Cuando el mañana se convierte en alerta.

No me acuerdo cuando comenzó este despropósito, este miedo inacabable al tiempo meteorológico, podría ser cuando nos dimos cuenta, a pesar de los avances en la ciencia que pronosticaban lo contrario a principios del siglo veinte, que al otro, al que transcurre sin pausa y sin prisa, es inútil amarlo como temerlo.

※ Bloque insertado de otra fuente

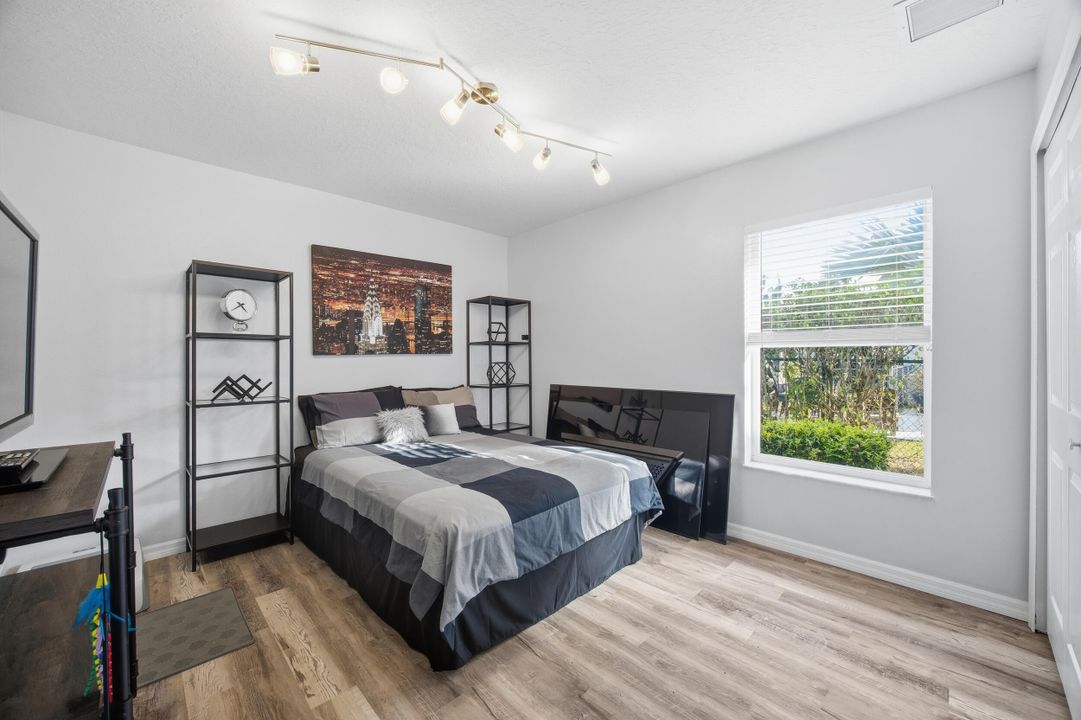 For Sale: $579,900 (3 beds, 2 baths, 2053 Square Feet)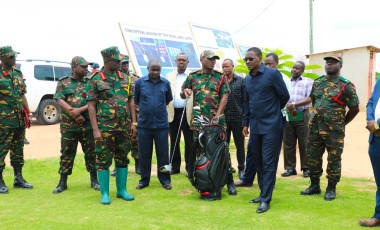 Waziri wa Ulinzi atembelea ujenzi wa  Uwanja wa Golf Ihumwa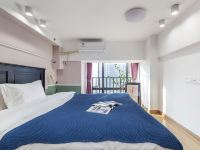 肇庆赫本影视主题公寓 - 轻奢复式投影双床房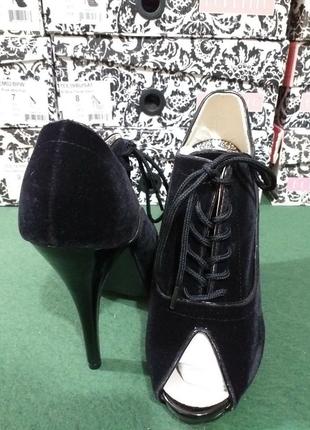 Готичні чорні туфлі на 4.5-см платформі й 14.5-см шпильках зі шнурівкою bordello wink 012 фото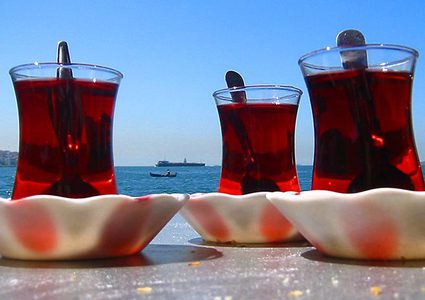 تحذير،لا تشرب الشاي الأسود بعد الطعام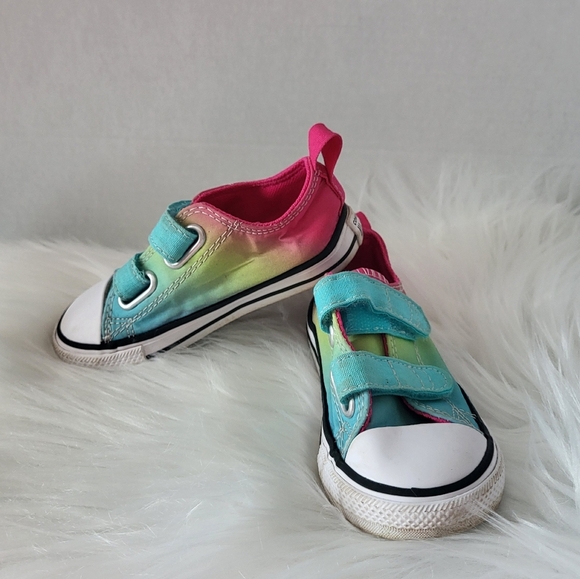Converse Kids Sneakers with Velcro Straps, Size 7 - Picture 1 of 6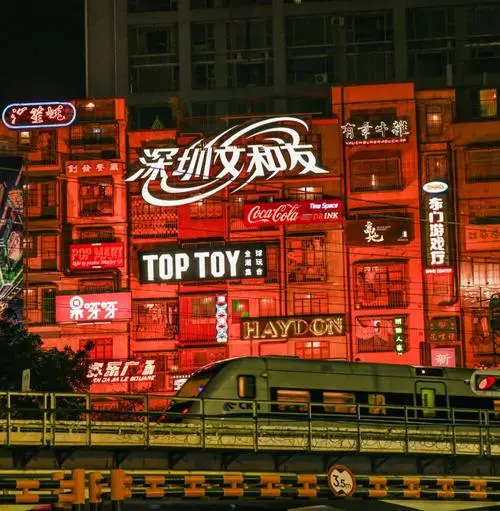 7mall深圳地铁有广告吗（深圳地铁7mall广告投放情况）
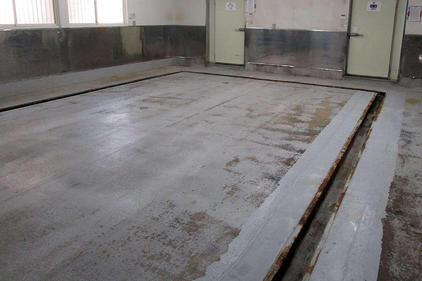 写真：食品工場（漬物工場）塗床工事施工前
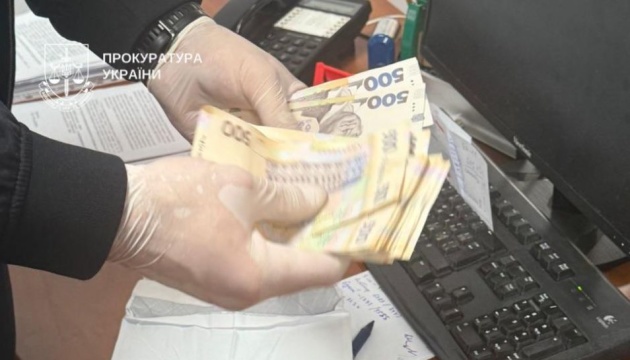 Затримали «на гарячому»: київські митники брали хабарі за безперешкодне оформлення автівок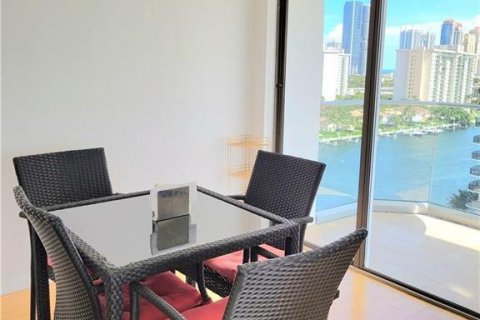 Condominio en alquiler en Aventura, Florida, 2 dormitorios, 175.31 m2 № 2251028 - foto 7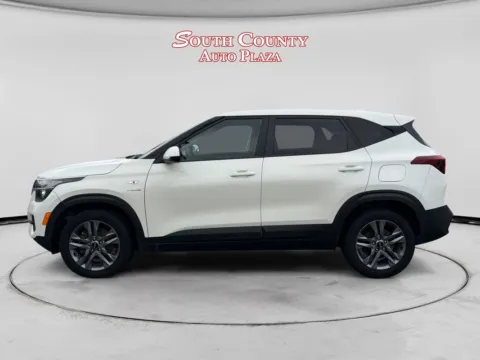 Photos of 2021 Kia Seltos LX for sale in St. Louis, MO at South County Auto Plaza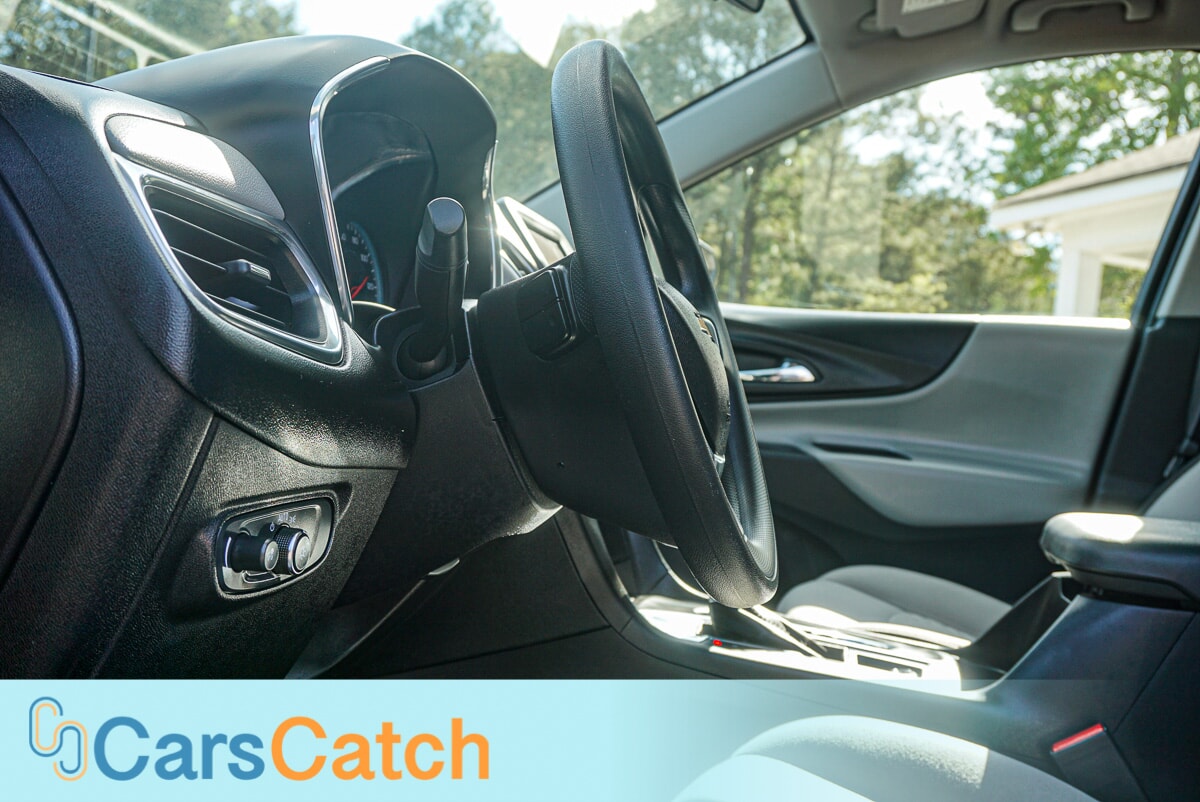 CARSCATCH - Used vehicle - SUV CHEVROLET EQUINOX 2020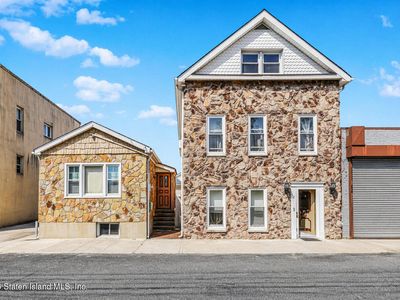 12 Balfour St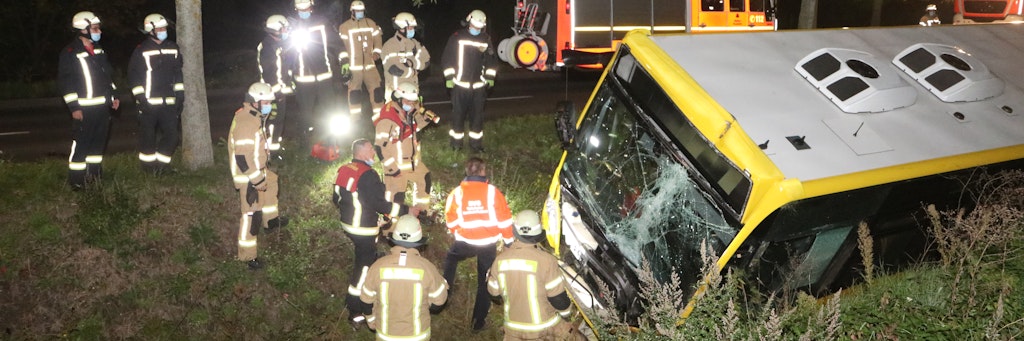 Der Bus der Linie 154 landete im Straßengraben.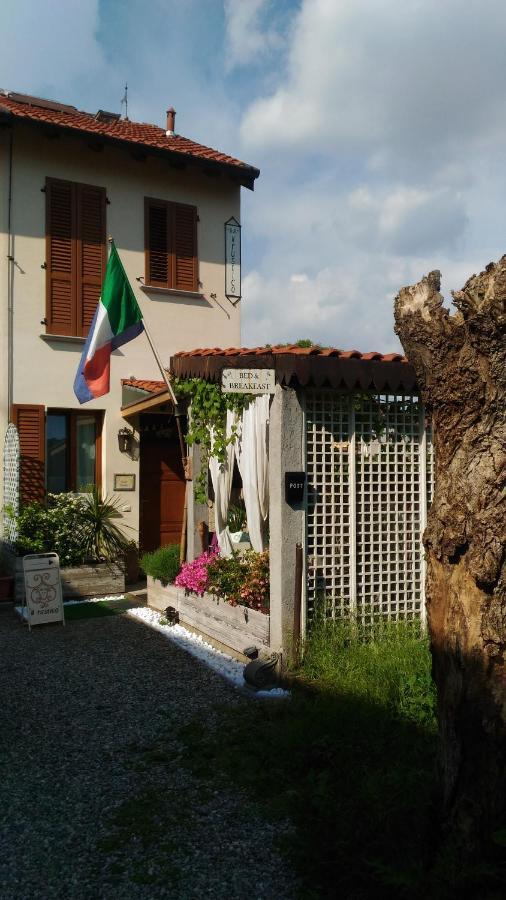 B&B Il Rustico Turate Bagian luar foto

Entonces, parece ser, volvimos la cara a las nubes, al viento, al sol, colocando con más ahínco nuestras frustraciones sobre los dioses meteorológicos.

Cuando pequeño llovía (sencillamente), se producía una tormenta, otro día hacía mucho viento y te advertían que no anduvieses por la acera pegado a los edificios, podría caerte una maceta, eso que solamente ocurría en los tebeos, pero que según los adultos era posible.Yo como niño me reía de todo eso, de la lluvia, corría a través de ella y volaba con el abrigo abierto atrapando las máximas gotas posibles, el sol era un gran amigo que me ayudaba a sonrojar mis mejillas blancas y pecosas, me cargaba las pilas, el viento un aliado con el que jugar a juegos de lucha o de persecución con una pelota de plástico amarillo con pentágonos negros, y la nieve un mundo infinito de posibilidades para la imaginación.

No quiere decir que el tiempo no produjese destrozos y sufrimientos. Pero de ahí a temerlo por sistema existe un trecho.

Lo que ha ido en aumento(algo bueno tendría que tener) es el lanzamiento de reporteros a las calles y a los lugares más castigados por el fenómeno que toque en cuestión ese día, cuando hace calor, hace mucho, y el reportero a las tres de la tarde, al sol, junto a un termómetro que marca una temperatura próxima al interior del sol, sonriente, nos indica qué nos mantengamos a la sombra, huyendo de ese mismo sol que lo está torrando, y qué bebamos mucha agua. El mismo periodista unos meses después se introducirá en un lugar inundado para que sepamos la profundidad exacta, por si se nos ocurre pasar por allí sepamos elegir la altura de las botas del agua. O entre una ventisca de nieve, atrapado en un puerto de montaña ( a no ser que sea un holograma o un superhéroe) nos explicará que protección civil recomienda no hacer desplazamientos si no son estrictamente necesarios. Y todos pensaremos cómo saldrá esta vez de esta. Pues saldrá, porque a la semana siguiente lo veremos apostado, y con su misma cara sonriente, junto a un montón de rocas en un desprendimiento sobre una carretera, indicando lo peligroso que es acercarse a ese lugar por la alta posibilidad de más desplazamientos de tierra.

En estos tiempos mañana no va a llover para regar el campo y llenar los embalses, estaremos en alerta amarilla por precipitaciones, no hará calor, ni frío, ni nevará. Queremos controlar tanto que cuando no lo conseguimos, a eso que no nos obedece lo consideramos enemigo. Yo pienso que deberíamos dejarnos fluir por el tiempo, los dos, el meteorológico y ese misterioso del reloj, no nos queda otra, mecernos por sus vericuetos intentando comprender y a la vez no, sumirnos sin bracear, no temerlos porque no sirve de nada. El conocimiento de lo que va a ocurrir debe servir, claro, pero no para acobardarnos, sino para aprovechar mejor el mañana que va a ser lluvioso:  paseemos bajo el paraguas observando un horizonte verde y gris; o hará viento: dejémonos zarandear; o nevará: preparemos los guantes y desempolvemos las risas y hasta las carcajadas que nos producirá  la visión hipnótica del manto blanco.